Indian investors will soon be able to trade in two of the most popular global indices from the comfort of a familiar bourse: NSE, or National Stock Exchange. The exchange has joined hands with Chicago Mercantile Exchange to offer futures trading on S&P 500 and Dow Jones Industrial Average. These indices have some of the most valuable corporations such as Coca-Cola, GE, Wal-Mart, P&G and JPMorgan.
What is on offer: Investors would be able to take a position on the indices only (and not on individual stocks) by buying a futures contract of either (or both) S&P 500 or the Dow Jones Industrial Average. This is as simple as buying a futures contract of Nifty-50.

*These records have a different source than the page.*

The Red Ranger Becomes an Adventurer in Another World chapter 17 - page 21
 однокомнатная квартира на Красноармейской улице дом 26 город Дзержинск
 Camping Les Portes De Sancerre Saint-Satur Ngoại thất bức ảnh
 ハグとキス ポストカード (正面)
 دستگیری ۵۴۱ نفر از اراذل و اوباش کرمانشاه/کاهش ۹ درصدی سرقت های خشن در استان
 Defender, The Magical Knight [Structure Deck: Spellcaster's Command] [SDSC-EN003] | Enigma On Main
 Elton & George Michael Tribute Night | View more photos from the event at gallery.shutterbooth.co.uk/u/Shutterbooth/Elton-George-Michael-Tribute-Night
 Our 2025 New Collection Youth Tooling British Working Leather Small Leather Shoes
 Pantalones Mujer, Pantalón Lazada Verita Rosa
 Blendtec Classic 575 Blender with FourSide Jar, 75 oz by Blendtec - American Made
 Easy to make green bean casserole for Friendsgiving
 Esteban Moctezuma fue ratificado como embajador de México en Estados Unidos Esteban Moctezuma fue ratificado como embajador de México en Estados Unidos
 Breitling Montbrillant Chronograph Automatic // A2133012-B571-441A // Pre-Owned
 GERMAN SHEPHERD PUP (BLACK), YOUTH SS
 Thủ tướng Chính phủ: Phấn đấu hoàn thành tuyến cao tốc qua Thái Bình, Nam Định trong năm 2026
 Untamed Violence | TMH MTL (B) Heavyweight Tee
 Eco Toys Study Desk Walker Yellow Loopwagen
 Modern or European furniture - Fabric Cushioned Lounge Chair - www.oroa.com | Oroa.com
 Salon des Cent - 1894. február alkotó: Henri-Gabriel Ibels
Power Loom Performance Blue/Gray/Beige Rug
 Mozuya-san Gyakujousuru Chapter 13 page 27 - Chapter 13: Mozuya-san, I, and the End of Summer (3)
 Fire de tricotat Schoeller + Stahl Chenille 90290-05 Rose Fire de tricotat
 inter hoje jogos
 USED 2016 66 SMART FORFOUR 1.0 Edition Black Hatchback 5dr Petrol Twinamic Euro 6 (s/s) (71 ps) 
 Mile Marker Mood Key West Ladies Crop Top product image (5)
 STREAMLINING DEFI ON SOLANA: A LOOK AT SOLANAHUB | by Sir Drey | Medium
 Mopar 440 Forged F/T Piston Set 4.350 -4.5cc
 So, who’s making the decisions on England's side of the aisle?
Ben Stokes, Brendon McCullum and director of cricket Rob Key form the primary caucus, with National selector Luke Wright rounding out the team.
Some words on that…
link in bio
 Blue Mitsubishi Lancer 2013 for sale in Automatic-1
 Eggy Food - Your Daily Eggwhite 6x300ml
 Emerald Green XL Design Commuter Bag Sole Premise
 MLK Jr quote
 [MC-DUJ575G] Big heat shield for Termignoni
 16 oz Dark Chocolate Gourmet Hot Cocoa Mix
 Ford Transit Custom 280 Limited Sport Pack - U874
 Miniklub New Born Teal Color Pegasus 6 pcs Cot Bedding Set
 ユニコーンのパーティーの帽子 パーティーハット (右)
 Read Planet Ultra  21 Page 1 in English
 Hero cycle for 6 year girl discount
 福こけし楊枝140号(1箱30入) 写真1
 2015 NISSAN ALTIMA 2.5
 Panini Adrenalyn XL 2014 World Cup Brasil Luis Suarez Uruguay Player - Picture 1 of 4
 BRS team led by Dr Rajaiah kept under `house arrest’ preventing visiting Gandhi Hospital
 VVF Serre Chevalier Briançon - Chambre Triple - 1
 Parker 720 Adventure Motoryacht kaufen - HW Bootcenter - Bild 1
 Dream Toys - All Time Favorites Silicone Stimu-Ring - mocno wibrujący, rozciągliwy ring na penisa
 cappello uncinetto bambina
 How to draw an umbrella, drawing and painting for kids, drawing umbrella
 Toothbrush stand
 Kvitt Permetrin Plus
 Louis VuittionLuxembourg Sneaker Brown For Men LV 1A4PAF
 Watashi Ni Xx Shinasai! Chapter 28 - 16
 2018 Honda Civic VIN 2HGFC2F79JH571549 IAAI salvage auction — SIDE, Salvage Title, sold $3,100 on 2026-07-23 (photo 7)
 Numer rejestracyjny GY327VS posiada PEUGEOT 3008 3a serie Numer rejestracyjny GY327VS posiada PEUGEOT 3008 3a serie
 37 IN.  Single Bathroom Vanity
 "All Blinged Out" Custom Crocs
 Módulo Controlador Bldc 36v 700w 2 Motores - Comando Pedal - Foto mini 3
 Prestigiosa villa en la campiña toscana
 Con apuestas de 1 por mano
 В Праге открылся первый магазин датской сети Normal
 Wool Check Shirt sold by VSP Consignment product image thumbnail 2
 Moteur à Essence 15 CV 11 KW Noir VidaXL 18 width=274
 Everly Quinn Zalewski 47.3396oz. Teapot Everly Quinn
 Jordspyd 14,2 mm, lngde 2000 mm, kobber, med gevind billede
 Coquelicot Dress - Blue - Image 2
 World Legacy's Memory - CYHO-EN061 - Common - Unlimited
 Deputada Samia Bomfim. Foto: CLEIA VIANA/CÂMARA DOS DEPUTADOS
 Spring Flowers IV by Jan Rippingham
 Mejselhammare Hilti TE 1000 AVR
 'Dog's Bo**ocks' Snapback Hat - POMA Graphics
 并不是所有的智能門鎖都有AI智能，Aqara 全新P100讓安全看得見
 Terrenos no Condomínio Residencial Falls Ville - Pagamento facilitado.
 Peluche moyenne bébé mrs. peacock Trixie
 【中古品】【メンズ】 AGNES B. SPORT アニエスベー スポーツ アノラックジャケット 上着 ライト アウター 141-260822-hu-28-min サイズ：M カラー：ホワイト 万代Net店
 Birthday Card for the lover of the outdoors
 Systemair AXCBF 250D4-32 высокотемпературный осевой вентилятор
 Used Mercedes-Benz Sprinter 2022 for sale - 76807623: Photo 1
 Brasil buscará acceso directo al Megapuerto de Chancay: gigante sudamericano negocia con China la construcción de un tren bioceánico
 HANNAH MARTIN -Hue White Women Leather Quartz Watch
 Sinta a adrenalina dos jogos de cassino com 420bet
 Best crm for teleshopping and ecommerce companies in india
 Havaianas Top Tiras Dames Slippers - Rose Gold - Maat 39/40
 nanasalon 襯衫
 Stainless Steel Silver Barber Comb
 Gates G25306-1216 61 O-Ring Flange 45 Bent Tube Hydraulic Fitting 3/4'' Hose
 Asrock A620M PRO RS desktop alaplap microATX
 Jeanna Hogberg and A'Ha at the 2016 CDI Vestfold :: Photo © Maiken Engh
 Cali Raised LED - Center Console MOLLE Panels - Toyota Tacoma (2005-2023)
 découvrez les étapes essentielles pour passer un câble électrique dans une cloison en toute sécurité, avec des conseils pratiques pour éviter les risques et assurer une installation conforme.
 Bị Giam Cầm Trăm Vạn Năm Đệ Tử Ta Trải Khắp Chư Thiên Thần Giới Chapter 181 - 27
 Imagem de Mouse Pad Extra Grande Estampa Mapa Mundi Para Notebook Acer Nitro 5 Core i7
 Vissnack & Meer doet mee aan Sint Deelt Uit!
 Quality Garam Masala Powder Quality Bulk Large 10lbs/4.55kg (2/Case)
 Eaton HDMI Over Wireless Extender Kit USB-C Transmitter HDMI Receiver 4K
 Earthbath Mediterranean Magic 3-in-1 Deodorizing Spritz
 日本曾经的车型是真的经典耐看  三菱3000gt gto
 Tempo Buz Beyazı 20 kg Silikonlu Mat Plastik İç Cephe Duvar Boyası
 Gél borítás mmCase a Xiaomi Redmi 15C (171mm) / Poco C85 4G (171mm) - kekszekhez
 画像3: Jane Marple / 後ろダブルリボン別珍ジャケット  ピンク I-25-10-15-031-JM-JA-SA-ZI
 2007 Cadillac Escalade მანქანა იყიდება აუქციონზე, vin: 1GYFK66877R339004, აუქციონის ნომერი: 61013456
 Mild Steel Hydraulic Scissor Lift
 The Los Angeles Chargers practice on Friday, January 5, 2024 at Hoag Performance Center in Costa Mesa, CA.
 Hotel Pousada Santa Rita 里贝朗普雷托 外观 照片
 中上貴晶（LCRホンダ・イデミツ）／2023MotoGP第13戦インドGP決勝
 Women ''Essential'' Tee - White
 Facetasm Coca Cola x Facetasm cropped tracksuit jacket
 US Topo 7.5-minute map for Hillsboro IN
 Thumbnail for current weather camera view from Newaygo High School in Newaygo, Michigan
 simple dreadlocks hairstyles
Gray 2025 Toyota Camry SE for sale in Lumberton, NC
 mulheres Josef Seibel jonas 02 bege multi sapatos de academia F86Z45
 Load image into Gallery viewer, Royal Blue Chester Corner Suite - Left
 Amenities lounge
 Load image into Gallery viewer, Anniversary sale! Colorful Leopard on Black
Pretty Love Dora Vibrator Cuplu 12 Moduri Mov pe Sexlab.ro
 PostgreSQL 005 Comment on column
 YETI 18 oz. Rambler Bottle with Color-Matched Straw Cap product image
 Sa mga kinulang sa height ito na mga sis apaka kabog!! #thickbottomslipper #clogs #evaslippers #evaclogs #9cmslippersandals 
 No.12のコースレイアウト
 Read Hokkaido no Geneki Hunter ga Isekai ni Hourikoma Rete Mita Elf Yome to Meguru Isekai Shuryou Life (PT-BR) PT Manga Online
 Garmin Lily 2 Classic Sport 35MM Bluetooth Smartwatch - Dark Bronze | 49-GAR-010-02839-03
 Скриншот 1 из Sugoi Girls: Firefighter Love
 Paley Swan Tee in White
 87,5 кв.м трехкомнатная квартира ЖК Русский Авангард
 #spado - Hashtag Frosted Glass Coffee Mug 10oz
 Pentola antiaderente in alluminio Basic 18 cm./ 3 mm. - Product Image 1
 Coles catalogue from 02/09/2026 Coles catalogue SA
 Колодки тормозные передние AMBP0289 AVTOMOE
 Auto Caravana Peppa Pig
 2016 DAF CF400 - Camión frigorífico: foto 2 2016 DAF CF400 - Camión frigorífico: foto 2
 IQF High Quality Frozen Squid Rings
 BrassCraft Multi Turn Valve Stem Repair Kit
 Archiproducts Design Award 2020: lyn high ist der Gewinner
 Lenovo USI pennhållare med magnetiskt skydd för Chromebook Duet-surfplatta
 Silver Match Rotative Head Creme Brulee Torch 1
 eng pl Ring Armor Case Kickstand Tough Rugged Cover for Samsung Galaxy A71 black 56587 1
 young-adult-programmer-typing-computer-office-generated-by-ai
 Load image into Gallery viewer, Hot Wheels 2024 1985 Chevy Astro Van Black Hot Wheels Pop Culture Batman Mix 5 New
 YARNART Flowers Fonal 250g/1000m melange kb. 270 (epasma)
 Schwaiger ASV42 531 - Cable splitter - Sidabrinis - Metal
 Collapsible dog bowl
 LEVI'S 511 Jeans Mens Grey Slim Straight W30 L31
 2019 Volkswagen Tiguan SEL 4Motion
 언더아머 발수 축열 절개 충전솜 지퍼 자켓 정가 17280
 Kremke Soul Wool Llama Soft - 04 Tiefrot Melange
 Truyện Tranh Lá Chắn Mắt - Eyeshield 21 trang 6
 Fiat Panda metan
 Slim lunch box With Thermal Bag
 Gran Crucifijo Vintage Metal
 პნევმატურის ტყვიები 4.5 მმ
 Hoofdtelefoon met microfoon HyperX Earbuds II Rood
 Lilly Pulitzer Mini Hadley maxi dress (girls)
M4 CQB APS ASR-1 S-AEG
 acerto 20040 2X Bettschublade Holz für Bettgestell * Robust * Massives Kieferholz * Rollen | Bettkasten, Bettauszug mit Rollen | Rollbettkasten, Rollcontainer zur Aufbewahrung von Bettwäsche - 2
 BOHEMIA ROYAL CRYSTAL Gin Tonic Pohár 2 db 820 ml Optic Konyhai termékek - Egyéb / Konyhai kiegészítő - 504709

Why opt for global indices: Both are closely-watched benchmark indices world over. The Dow Jones 30-stocks index is the second-oldest US market index while S&P is more broad-based tracking 50 large cap US stocks (the market cap of S&P is close to a staggering $10,000 billion).
How to trade: Investors have to take a forward position (bullish or bearish) in an index just the way they do in Nifty-50 with contracts ranging from a month to three months. The exchange is still in the process of finalising contract details.
What is the currency risk: These two new indices will be rupee-denominated and settled only in cash. They do not pose any currency risk. In fact, the Reserve Bank of India (RBI) permits overseas investments up to $200,000 a year, but there is a currency risk which makes the investment riskier.
What is the investment risk: There is not much research available on individual stocks that make up the S&P and Dow Jone indices. It would also be difficult for Indian investors to take a call on the global macroeconomic variables driving these indices. This is, however, a good opportunity for sophisticated investors such as Life Insurance Corporation (LIC) or large mutual funds and high networth individuals (HNIs) who want to diversify their investment basket.